ACTION ITEM
Quote each line of the material verbatim, without the pictures.

EXERCISE DATA
──────────
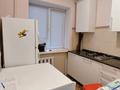 1-комнатная квартира, 30 м², 4/4 этаж помесячно, мкр Самал-2, Достык 99в — Аль-Фараби за 240 000 〒 в Алматы, Медеуский р-н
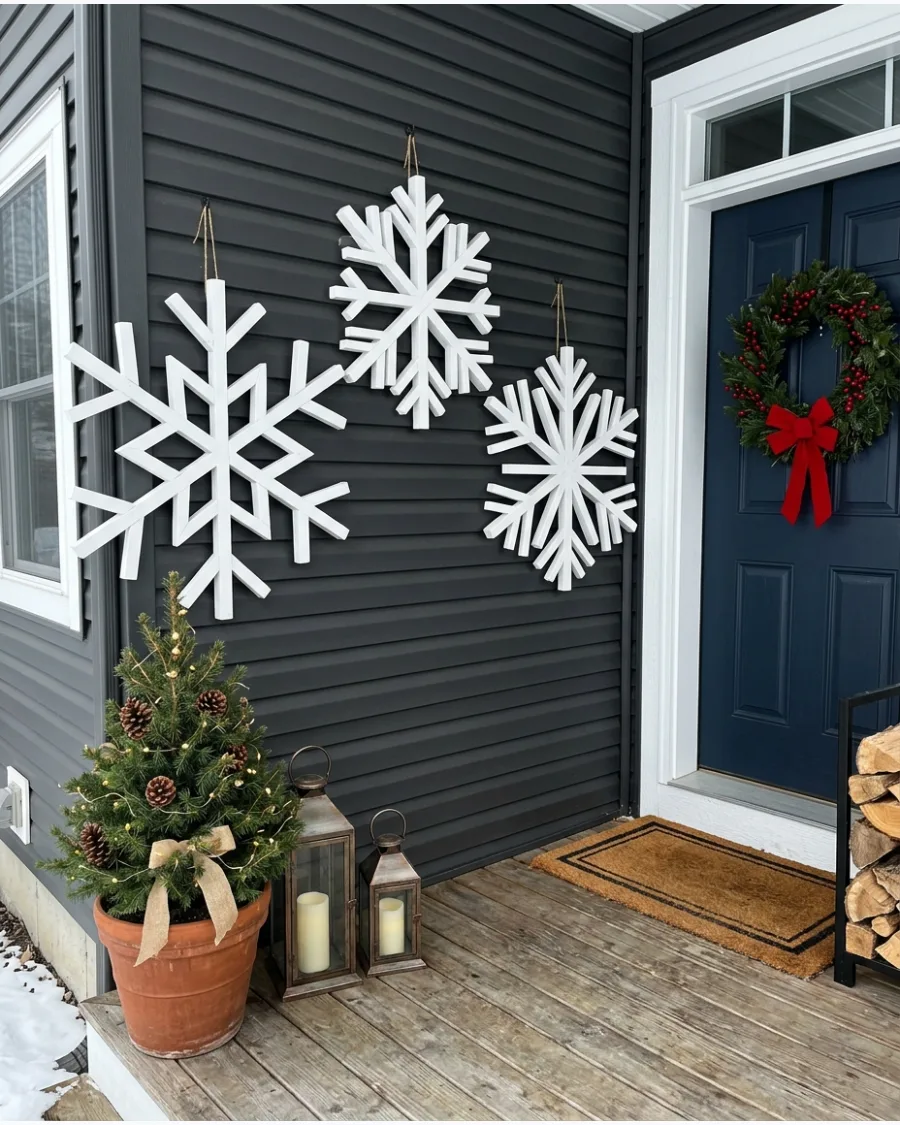83. Giant White Outdoor Snowflakes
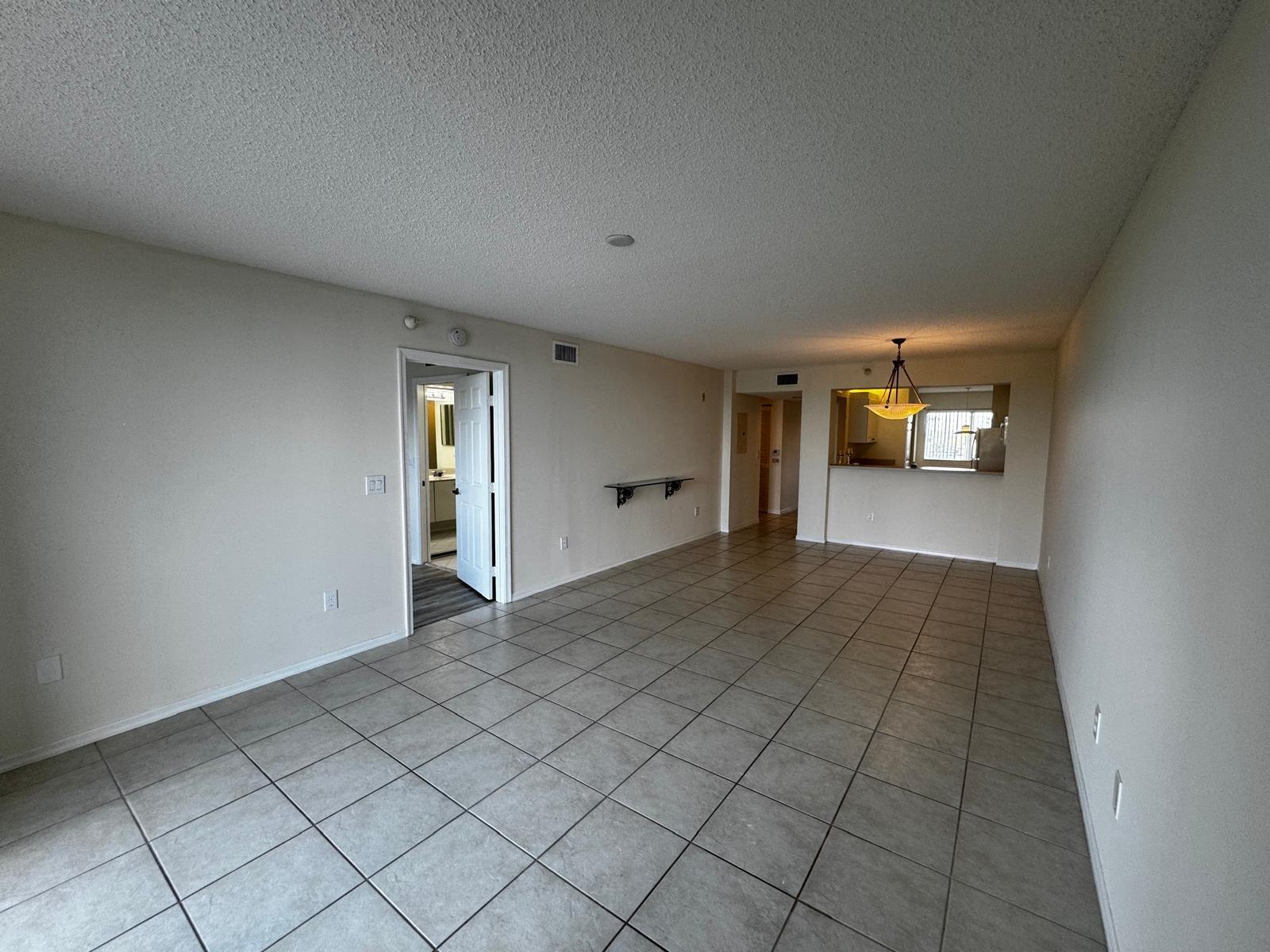 SOUTHAMPTON CONDOMINIUM I - Residential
──────────
RESPONSE FOR THIS EXERCISE
 1-комнатная квартира, 30 м², 4/4 этаж помесячно, мкр Самал-2, Достык 99в — Аль-Фараби за 240 000 〒 в Алматы, Медеуский р-н
83. Giant White Outdoor Snowflakes
 SOUTHAMPTON CONDOMINIUM I - Residential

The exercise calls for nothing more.